= feedme
* http://wiki.github.com/jdidion/feedme
== DESCRIPTION:
A simple, flexible, and extensible RSS and Atom parser for Ruby. Based on the popular SimpleRSS library, but with many nice extra features.
== FEATURES/PROBLEMS:
* Parse RSS 0.91, 0.92, 1.0, and 2.0
* Parse Atom
* Parse all tags by default, or choose the tags you want to parse
* Access all attributes and content as if they were methods
* Access all values of tags that can appear multiple times
* Delicious syntactic sugar that makes it simple to get the data you want
=== SYNOPSIS:
The API is similar to SimpleRSS:
require 'rubygems'
require 'feedme'
require 'open-uri'
rss = FeedMe.parse open('http://slashdot.org/index.rdf')
rss.version # => 1.0
rss.channel.title # => "Slashdot"
rss.channel.link # => "http://slashdot.org/"
rss.items.first.link # => "http://books.slashdot.org/article.pl?sid=05/08/29/1319236&from=rss"
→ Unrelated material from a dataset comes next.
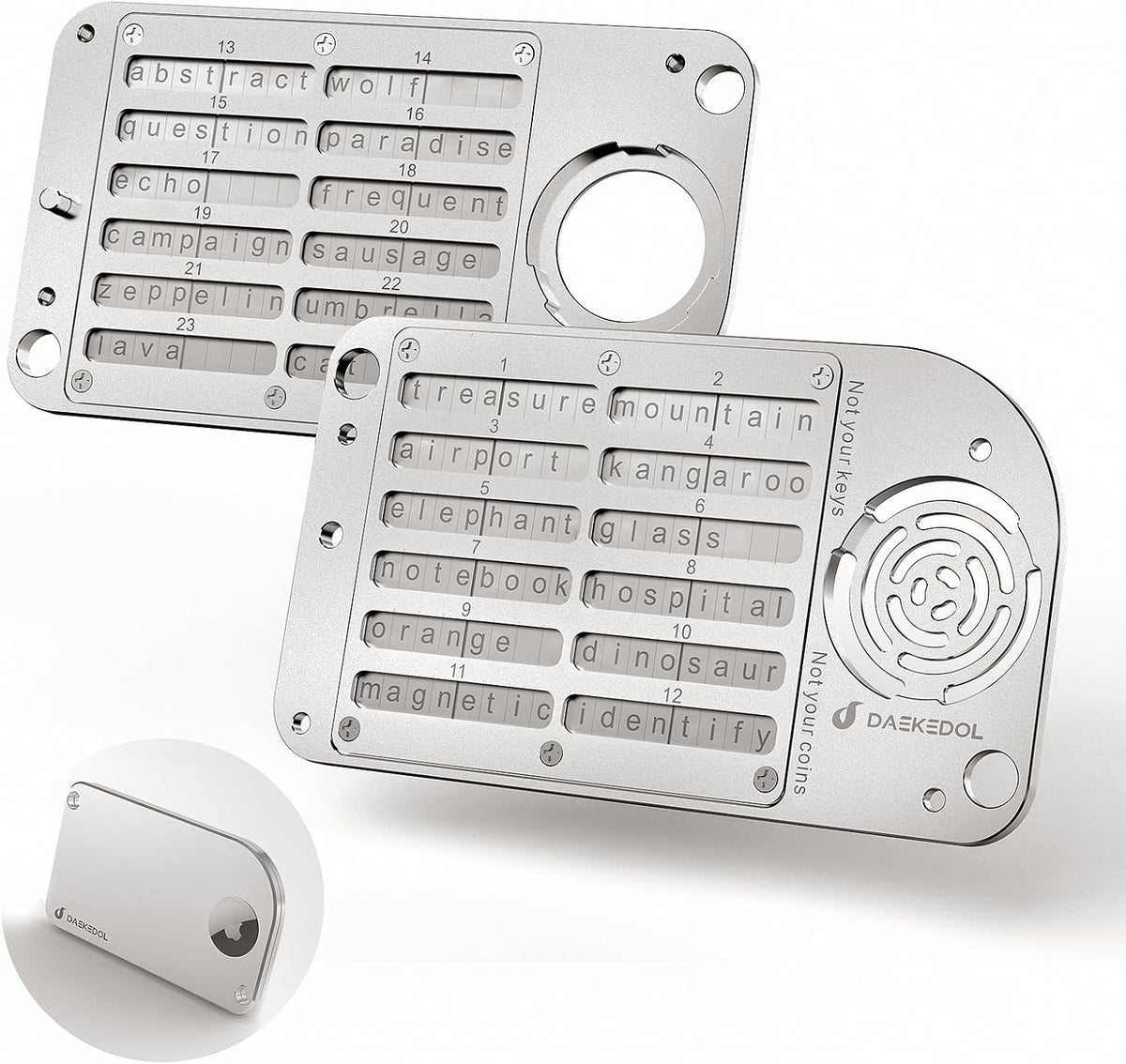 DAEKEDOL Almacenamiento de frases de semillas compatible con AirTag...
But since the parser can read Atom feeds as easily as RSS feeds, there are aliases that allow more atom like reading:
rss.feed.title # => "Slashdot"
rss.feed.link # => "http://slashdot.org/"
rss.entries.first.link # => "http://books.slashdot.org/article.pl?sid=05/08/29/1319236&from=rss"
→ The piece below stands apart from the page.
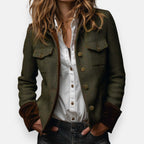 Women’s Herringbone Tailored Jacket with Velvet-Touch Trim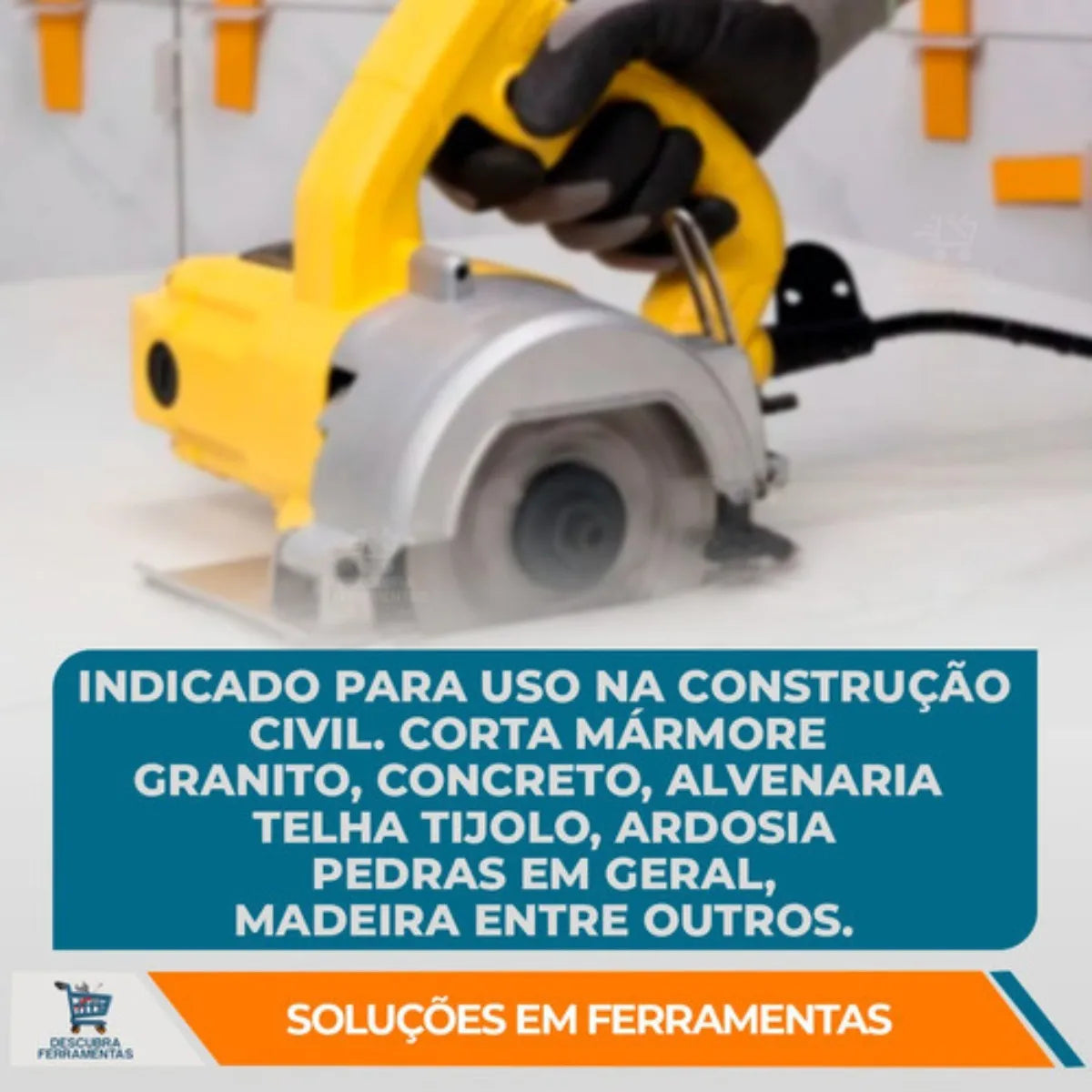 Kit Serra Mármore 1300w + Esmerilhadeira Angular + Discos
Under the covers, all element values are stored in arrays. This means that you can access all content for an element that appears multiple times (i.e. category):
rss.items.first.category_array # => ["News for Nerds", "Technology"]
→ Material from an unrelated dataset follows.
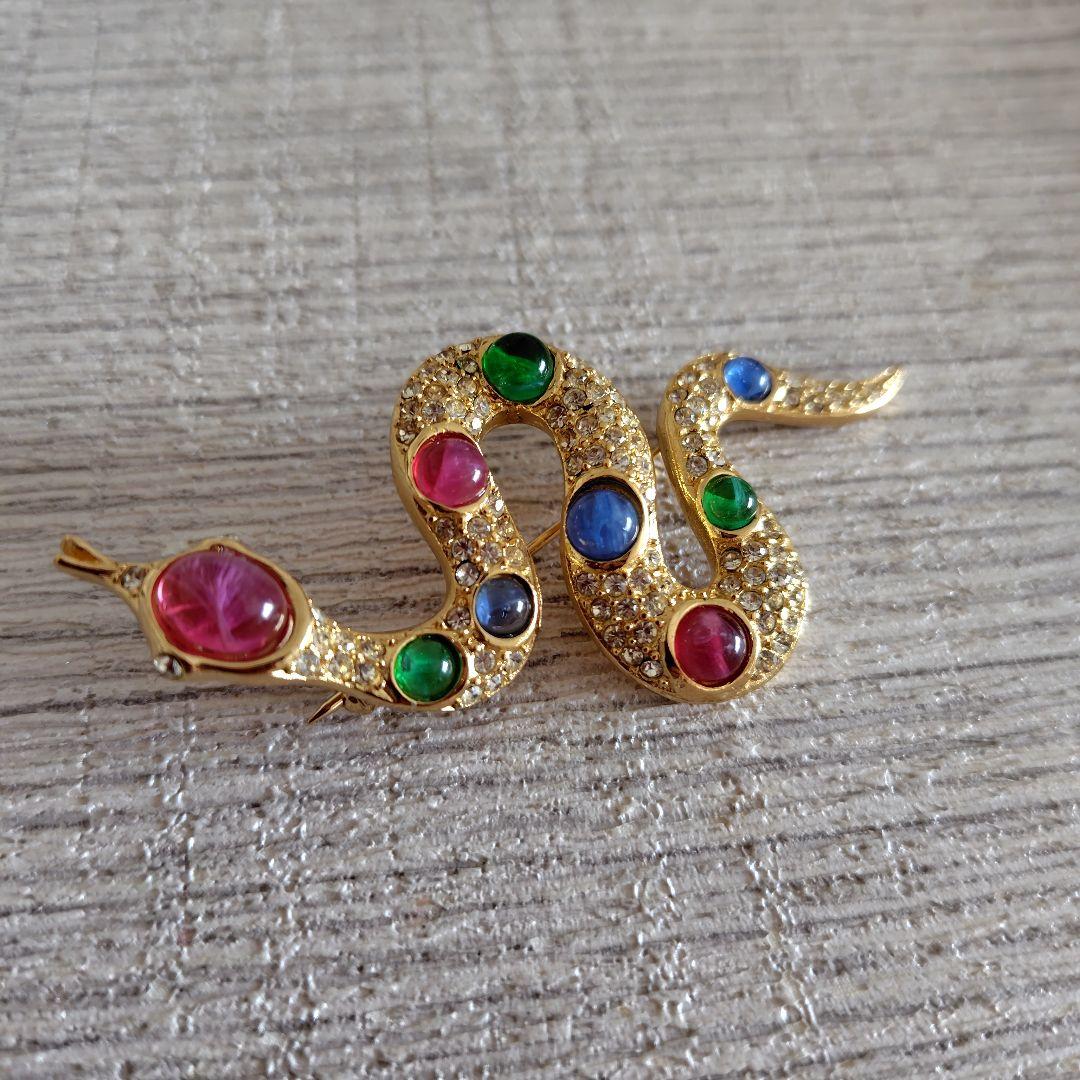 クリスチャン・ディオール　Christian Dior ブローチ　スネーク　蛇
rss.items.first.category # => "News for Nerds"
You also have access to all the attributes as well as tag values:
rss.items.first.guid.isPermaLink # => "true"
rss.items.first.guid.content # => http://books.slashdot.org/article.pl?sid=05/08/29/1319236
FeedMe also adds some syntactic sugar that makes it easy to get the information you want:
rss.items.first.category? # => true
rss.items.first.category_count # => 2
rss.items.first.guid_value # => http://books.slashdot.org/article.pl?sid=05/08/29/1319236
There are two different parsers that you can use, depending on your needs. The default parser is "promiscuous," meaning that it parses all tags. There is also a strict parser that only parses tags specified in a list. Here is how you create the different types of parsers:
FeedMe.parse(source) # parse using the default (promiscuous) parser
FeedMe::ParserBuilder.new.parse(source) # equivalent to the previous line
FeedMe.parse_strict(source)
FeedMe::StrictParserBuilder.new.parse(source) # only parse certain tags
The FeedMe class methods and the parser builder constructors also accept an options hash. Options are also passed on to the Parser constructor. Currently, only two options are available:
1. :empty_string_for_nil => false # return the empty string instead of a nil value
2. :error_on_missing_key => false # raise an error if a specified key or virtual method does not exist (otherwise nil is returned)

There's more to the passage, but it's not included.